• _DIRECTIONS_:
In the entries below, find the line with "Cover Salvage (eBook, ePUB)" and the line with "Dharmendrasinh Sodha". Return those two lines and all lines between them, exactly.

Caption-style text data:
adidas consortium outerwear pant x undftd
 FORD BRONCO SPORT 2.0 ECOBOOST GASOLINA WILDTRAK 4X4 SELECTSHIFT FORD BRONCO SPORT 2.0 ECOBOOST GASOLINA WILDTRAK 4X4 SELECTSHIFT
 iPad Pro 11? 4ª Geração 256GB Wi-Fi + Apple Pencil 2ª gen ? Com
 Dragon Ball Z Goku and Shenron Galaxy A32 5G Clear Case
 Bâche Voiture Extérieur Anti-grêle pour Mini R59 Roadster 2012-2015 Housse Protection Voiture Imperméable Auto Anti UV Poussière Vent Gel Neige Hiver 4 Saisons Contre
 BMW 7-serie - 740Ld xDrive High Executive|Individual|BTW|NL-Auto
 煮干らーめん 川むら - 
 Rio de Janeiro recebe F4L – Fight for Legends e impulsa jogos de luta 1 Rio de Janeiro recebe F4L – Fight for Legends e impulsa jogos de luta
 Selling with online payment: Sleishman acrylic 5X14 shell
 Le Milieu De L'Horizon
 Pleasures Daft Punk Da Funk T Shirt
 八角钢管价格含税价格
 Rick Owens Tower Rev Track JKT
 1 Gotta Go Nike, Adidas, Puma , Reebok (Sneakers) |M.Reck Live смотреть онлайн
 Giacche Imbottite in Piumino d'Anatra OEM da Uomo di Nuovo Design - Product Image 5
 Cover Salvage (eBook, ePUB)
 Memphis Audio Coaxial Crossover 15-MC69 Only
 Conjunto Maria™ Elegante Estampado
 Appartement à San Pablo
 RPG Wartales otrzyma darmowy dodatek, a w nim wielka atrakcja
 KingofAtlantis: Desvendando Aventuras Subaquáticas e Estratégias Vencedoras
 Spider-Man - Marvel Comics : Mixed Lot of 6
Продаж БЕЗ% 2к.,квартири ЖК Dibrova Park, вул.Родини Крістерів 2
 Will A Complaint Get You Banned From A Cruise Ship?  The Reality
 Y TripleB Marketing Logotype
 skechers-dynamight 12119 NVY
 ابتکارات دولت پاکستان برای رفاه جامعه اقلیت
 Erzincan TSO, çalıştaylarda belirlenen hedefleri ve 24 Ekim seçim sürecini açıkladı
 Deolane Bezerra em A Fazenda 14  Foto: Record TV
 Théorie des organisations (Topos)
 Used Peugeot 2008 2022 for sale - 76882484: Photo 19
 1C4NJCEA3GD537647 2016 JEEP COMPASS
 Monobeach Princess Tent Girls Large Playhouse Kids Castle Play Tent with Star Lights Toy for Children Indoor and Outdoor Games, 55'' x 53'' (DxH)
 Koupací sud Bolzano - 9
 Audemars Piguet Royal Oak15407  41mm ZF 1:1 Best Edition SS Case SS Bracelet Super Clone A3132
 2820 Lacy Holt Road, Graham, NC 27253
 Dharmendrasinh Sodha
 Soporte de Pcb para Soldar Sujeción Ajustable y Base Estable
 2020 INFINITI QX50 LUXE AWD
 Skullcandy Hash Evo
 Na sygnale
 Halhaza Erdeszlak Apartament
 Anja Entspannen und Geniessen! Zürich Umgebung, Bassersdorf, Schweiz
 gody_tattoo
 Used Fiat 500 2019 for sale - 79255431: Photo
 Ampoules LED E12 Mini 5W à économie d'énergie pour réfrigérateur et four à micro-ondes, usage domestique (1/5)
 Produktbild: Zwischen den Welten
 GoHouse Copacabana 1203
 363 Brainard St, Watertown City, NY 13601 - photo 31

• _ANSWER SPACE_:
 Cover Salvage (eBook, ePUB)
 Memphis Audio Coaxial Crossover 15-MC69 Only
 Conjunto Maria™ Elegante Estampado
 Appartement à San Pablo
 RPG Wartales otrzyma darmowy dodatek, a w nim wielka atrakcja
 KingofAtlantis: Desvendando Aventuras Subaquáticas e Estratégias Vencedoras
 Spider-Man - Marvel Comics : Mixed Lot of 6
Продаж БЕЗ% 2к.,квартири ЖК Dibrova Park, вул.Родини Крістерів 2
 Will A Complaint Get You Banned From A Cruise Ship?  The Reality
 Y TripleB Marketing Logotype
 skechers-dynamight 12119 NVY
 ابتکارات دولت پاکستان برای رفاه جامعه اقلیت
 Erzincan TSO, çalıştaylarda belirlenen hedefleri ve 24 Ekim seçim sürecini açıkladı
 Deolane Bezerra em A Fazenda 14  Foto: Record TV
 Théorie des organisations (Topos)
 Used Peugeot 2008 2022 for sale - 76882484: Photo 19
 1C4NJCEA3GD537647 2016 JEEP COMPASS
 Monobeach Princess Tent Girls Large Playhouse Kids Castle Play Tent with Star Lights Toy for Children Indoor and Outdoor Games, 55'' x 53'' (DxH)
 Koupací sud Bolzano - 9
 Audemars Piguet Royal Oak15407  41mm ZF 1:1 Best Edition SS Case SS Bracelet Super Clone A3132
 2820 Lacy Holt Road, Graham, NC 27253
 Dharmendrasinh Sodha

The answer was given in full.